L’Ariete e la mitologia
Il mito della creazione del mondo
Superando l’equatore celeste il Sole riprende simbolicamente il suo corso e risorge dall’oscurità e dalla morte, dall’inverno, dal regno di Ade per tornare a brillare alto nel cielo e dare inizio ad un nuovo ciclo stagionale. Dante a proposito della stagione primaverile e del Segno dell’Ariete ricordava che quando Dio decise di creare il mondo lo fece proprio in primavera:
“Temp’era dal principio del mattino, e ’l sol montava ’n su con quelle stelle ch’eran con lui quando l’amor divino mosse di prima quelle cose belle;”[1]
La forza dell’Ariete cercava di essere impressa anche ai neonati quando venivano posti in ceste di lana (vello) affinchè fossero cullati e si addormentassero. Sempre in marzo si festeggiava la resurrezione di Attis che tornava da sua Madre Cibele, allo stesso modo della resurrezione pasquale di Gesù.
L’Ariete e il Toro
Sembra che la costellazione dell’Ariete sia stata creata dagli egizi che l’hanno posta fra il Toro e quella di Pegaso, perché il corpo del Toro sembra monco a parte la testa; è come se fosse stata inserita per forza probabilmente per indicare qualche evento specifico e forte a livello naturale accaduto in quegli anni.
“Vi è chi sostiene invece che sia di origine mesopotamica col nome sumerico di LÚ.HUN.GÁ, tradotto poi nel semitico agru, «operaio salariato», Si spiega che la sostituzione di «salariato» con «ariete» è dovuta all’errore di uno scriba che invece di LÚ, «uomo», ha scritto il suo omofono LU, che significa «ariete».”[2]
Dioniso e l’Ariete
Un’altra storia in relazione alla nascita della costellazione dell’Ariete è quella che vede Dioniso, mentre si trovava in Egitto con i suoi soldati. Le truppe stremate dal caldo videro un ariete nel deserto e vi corsero dietro, oltre le dune trovarono una sorgente di acqua che gli permise di sopravvivere. Dioniso, allora, innalzò un tempio dedicandolo a Giove – Ammone, e
“lo rappresentò fra le costellazioni in modo che il Sole, soggiornandovi, rinvigorisse in primavera le piante e gli animali. Inoltre volle farne il primo segno zodiacale perché era stato la migliore guida del suo esercito in un difficile frangente.”[3]
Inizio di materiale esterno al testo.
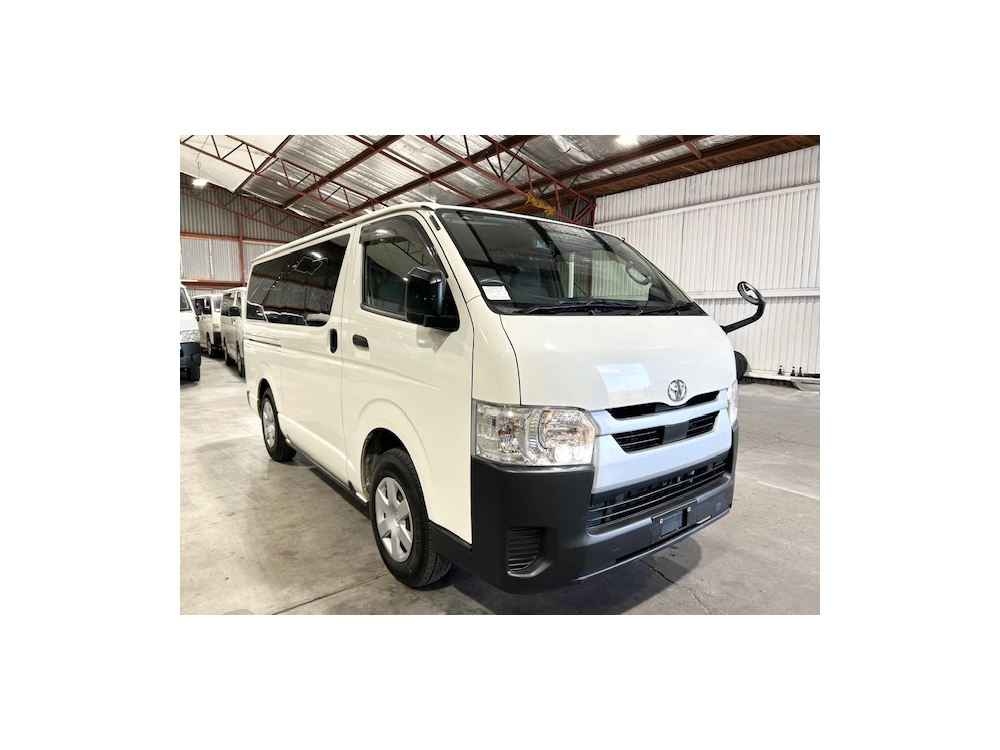 2020 Toyota Hiace FULL OPTION =4X4=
A tal proposito dobbiamo ricordare chi sia Dioniso e le sue origini affinché emergano dei rimandi ancor più chiari al simbolismo del Segno dell’Ariete. Dioniso ha diversi miti che ne raccontano della sua nascita e la sua morte, per poi rinascere ancora, l’informazione certa per i mitografi è che suo padre fosse Zeus. Uno in particolare afferma che Semele, figlia del Re Cadmo, marito di Armonia, a propria volta figlia di Ares/Marte e Afrodite, ingannata da Era avesse, mentre era incinta di Dioniso, chiesto a suo marito Zeus di mostrarsi in tutta la sua potenza, nella sua forma divina. Zeus lo fece e per errore la folgorò, allora prese Dioniso dal ventre della madre e lo cucì in una sua coscia affinché poi potesse nascere. Non importa il racconto completo della nascita di Dioniso, nel nostro caso, ma il fatto della parentela di quest’ultimo con Ares/Marte che era il bisnonno. A maggior ragione cogliamo il nesso con l’Ariete citato nel racconto precedente, assieme alla potenza del fuoco devastante di Zeus, che è poi analoga a quella dell’Ariete.
Il Vello d’Oro
L’Ariete dal Vello d’Oro era figlio di Poseidone, quando era una divinità tellurica prima che diventasse una divinità dei mari, e la dea Teofane che “era corteggiata da diversi pretendenti, ma Poseidone la rapì e la portò in un’isola il cui nome forse significava «l’isola dell’ariete». Ad ogni modo, il racconto continua dicendo che Poseidone trasformò la sposa in una pecora e se stesso in un ariete, anzi trasformò in pecore anche gli abitanti dell’isola. Così la coppia poté restare nascosta ai pretendenti sopraggiunti e Poseidone celebrò le sue nozze d’ariete dalle quali nacque”[4] l’Ariete dal Vello D’Oro.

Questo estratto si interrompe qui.